The perceived value of an asset (financial asset, non-financial asset, tangible asset, etc.), investment, or business. This value is calculated based on an inherent, objective measure of value.
Intrinsic value reflects the perceived or true value of an asset in view of certain fundamental factors. This measure of value is not always identical to the current market price due to various effects or conditions under which an asset/ investment might be over- or undervalued.
In multiple contexts, intrinsic value may denote different meanings depending on the underlying value-bearing resource. The intrinsic value of a business (or any investment security) is the present value of all expected cash flows arising in the future, discounted at the relevant discount rate.

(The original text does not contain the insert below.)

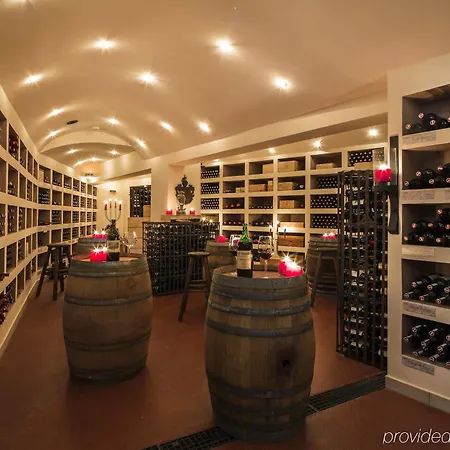 Отель Bergwelt 4*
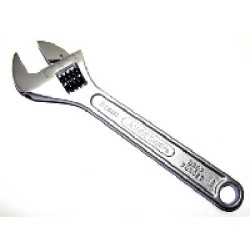 10" ADJUSTABLE ANGLE WRENCH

In share trading, intrinsic value is the true value of the issuing company as perceived by a certain trader/ investor or the entire trading/ investing community. Different analysts will have different calculations for intrinsic value of a stock, usually using factors such as strong fundamentals and potential for growth. In this context, intrinsic value measures the inherent value of a share, as opposed to extrinsic value that measures the value derived from external factors (such as sector performance).
In options trading, intrinsic value represents the difference between the underlying asset’s price of an option and the option’s strike price. The method of calculation is determined based on the type of option being valued (calls vs. puts)– in call options, it is the price of the underlying asset minus the strike price, whereas in put options, it is the strike price less the price of the underlying asset.
Intrinsic value of an option only refers to its moneyness – a negative intrinsic value implies that the option is either at the money or out of the money, depending on its type and the position taken (short option vs. long option).